About this task
For the material below, reproduce exactly each line from the one that has "9 Frequency Remote" through the one that has "from-cat-ba-amazing-sunset-boat-tour-in-lan-ha-bay", and no others; pictures stay out.

Exercise data
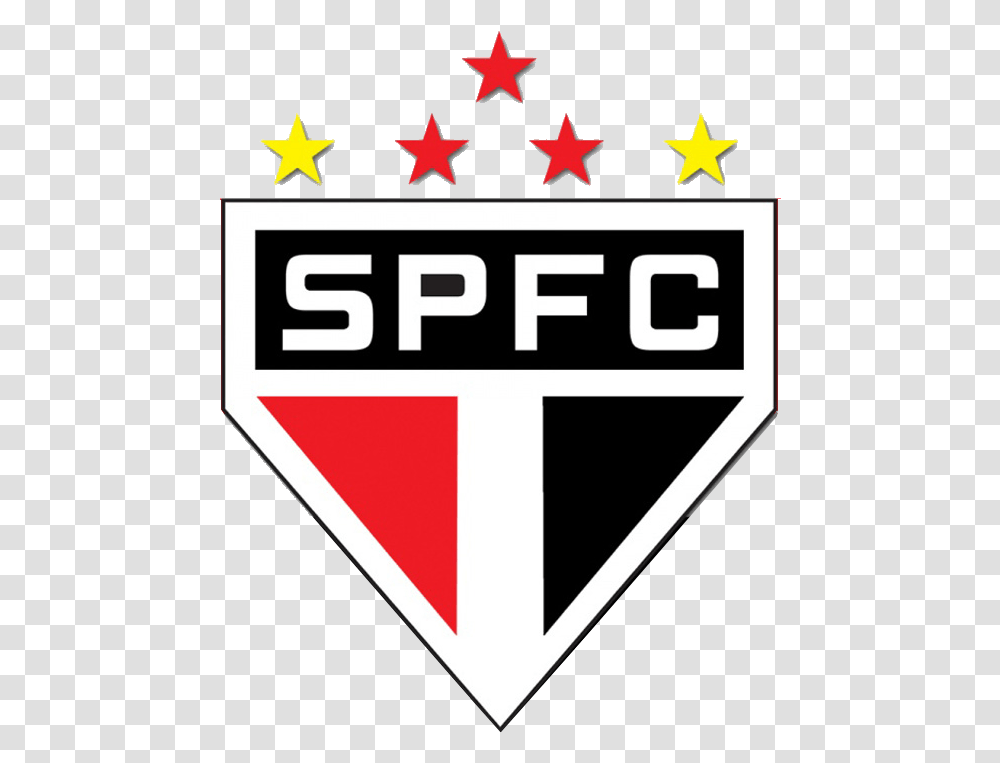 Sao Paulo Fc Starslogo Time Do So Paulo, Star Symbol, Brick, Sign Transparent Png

* * *

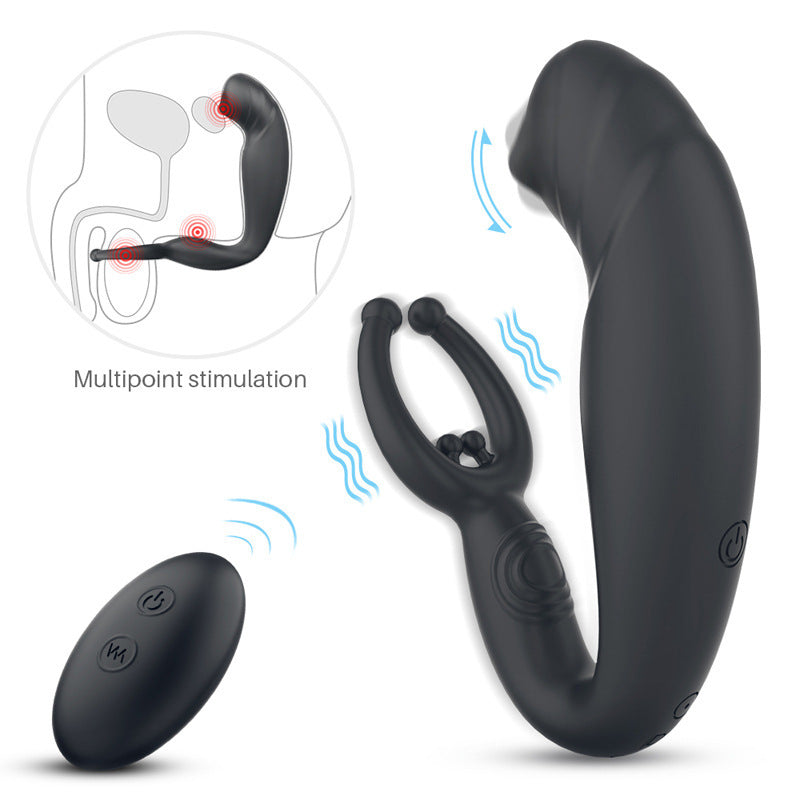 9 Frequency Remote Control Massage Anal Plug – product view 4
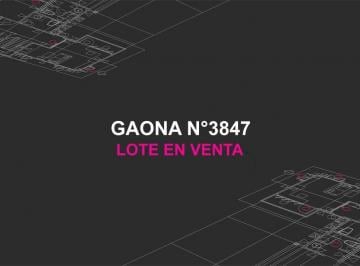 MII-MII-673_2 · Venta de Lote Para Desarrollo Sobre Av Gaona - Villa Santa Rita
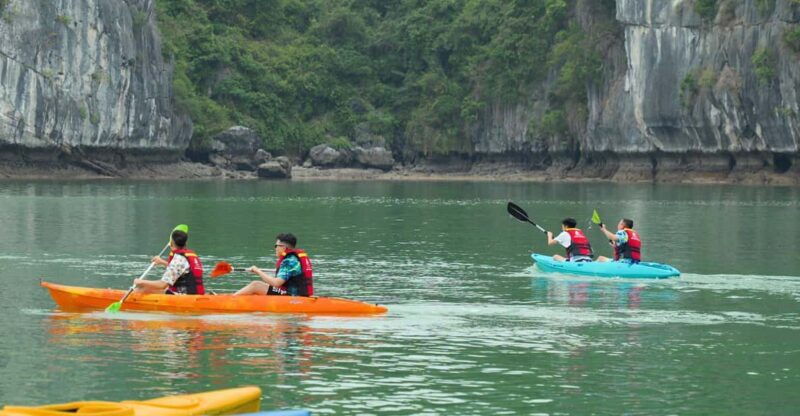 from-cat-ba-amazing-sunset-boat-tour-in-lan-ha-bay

--

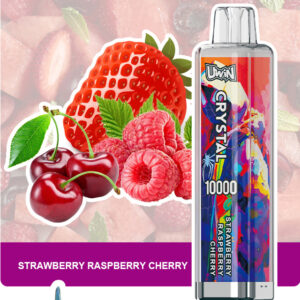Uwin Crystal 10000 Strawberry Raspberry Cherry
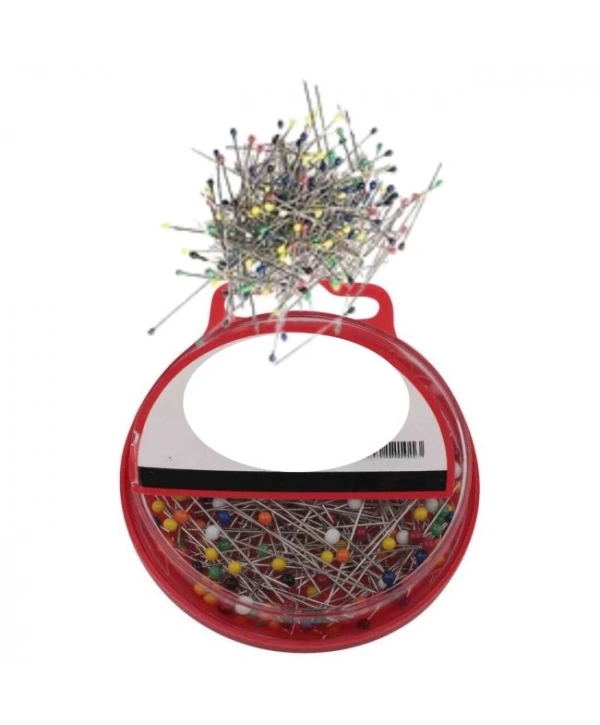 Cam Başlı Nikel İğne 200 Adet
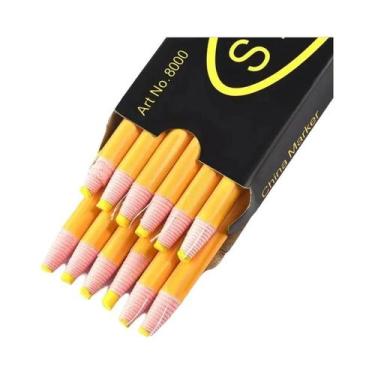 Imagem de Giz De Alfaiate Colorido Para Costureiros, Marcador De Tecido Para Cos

Answer box
 9 Frequency Remote Control Massage Anal Plug – product view 4
 MII-MII-673_2 · Venta de Lote Para Desarrollo Sobre Av Gaona - Villa Santa Rita
 from-cat-ba-amazing-sunset-boat-tour-in-lan-ha-bay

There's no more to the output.